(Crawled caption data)
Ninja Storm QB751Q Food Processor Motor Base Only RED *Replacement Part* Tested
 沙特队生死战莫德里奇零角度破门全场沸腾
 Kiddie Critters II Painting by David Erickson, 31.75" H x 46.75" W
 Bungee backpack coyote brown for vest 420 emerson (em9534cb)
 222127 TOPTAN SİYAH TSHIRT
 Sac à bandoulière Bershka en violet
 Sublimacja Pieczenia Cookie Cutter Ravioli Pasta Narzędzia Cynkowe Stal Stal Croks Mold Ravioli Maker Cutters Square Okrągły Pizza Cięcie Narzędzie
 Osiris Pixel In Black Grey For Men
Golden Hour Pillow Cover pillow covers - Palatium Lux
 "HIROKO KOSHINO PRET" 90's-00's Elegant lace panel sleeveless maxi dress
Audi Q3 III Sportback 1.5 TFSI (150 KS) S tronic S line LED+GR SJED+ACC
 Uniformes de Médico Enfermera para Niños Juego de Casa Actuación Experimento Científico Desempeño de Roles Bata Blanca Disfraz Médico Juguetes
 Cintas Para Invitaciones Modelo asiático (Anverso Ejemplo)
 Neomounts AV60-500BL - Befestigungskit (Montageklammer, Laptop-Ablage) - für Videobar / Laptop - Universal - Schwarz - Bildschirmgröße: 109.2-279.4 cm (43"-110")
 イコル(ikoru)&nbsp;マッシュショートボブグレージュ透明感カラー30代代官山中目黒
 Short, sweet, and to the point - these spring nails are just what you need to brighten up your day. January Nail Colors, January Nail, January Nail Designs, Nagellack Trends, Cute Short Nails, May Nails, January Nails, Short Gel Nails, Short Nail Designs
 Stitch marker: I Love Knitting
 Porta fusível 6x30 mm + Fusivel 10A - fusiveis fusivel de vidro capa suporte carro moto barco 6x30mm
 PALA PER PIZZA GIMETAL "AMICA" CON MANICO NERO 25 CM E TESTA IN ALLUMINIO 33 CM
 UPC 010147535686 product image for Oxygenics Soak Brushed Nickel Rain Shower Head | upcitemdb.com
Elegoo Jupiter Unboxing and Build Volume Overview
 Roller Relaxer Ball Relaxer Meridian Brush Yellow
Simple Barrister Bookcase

TASK ITEM:
Please copy the line that contains "Golden Hour Pillow" and each line after it through the end of the records, exactly, and no other lines.

OUTPUT BELOW:
Golden Hour Pillow Cover pillow covers - Palatium Lux
 "HIROKO KOSHINO PRET" 90's-00's Elegant lace panel sleeveless maxi dress
Audi Q3 III Sportback 1.5 TFSI (150 KS) S tronic S line LED+GR SJED+ACC
 Uniformes de Médico Enfermera para Niños Juego de Casa Actuación Experimento Científico Desempeño de Roles Bata Blanca Disfraz Médico Juguetes
 Cintas Para Invitaciones Modelo asiático (Anverso Ejemplo)
 Neomounts AV60-500BL - Befestigungskit (Montageklammer, Laptop-Ablage) - für Videobar / Laptop - Universal - Schwarz - Bildschirmgröße: 109.2-279.4 cm (43"-110")
 イコル(ikoru)&nbsp;マッシュショートボブグレージュ透明感カラー30代代官山中目黒
 Short, sweet, and to the point - these spring nails are just what you need to brighten up your day. January Nail Colors, January Nail, January Nail Designs, Nagellack Trends, Cute Short Nails, May Nails, January Nails, Short Gel Nails, Short Nail Designs
 Stitch marker: I Love Knitting
 Porta fusível 6x30 mm + Fusivel 10A - fusiveis fusivel de vidro capa suporte carro moto barco 6x30mm
 PALA PER PIZZA GIMETAL "AMICA" CON MANICO NERO 25 CM E TESTA IN ALLUMINIO 33 CM
 UPC 010147535686 product image for Oxygenics Soak Brushed Nickel Rain Shower Head | upcitemdb.com
Elegoo Jupiter Unboxing and Build Volume Overview
 Roller Relaxer Ball Relaxer Meridian Brush Yellow
Simple Barrister Bookcase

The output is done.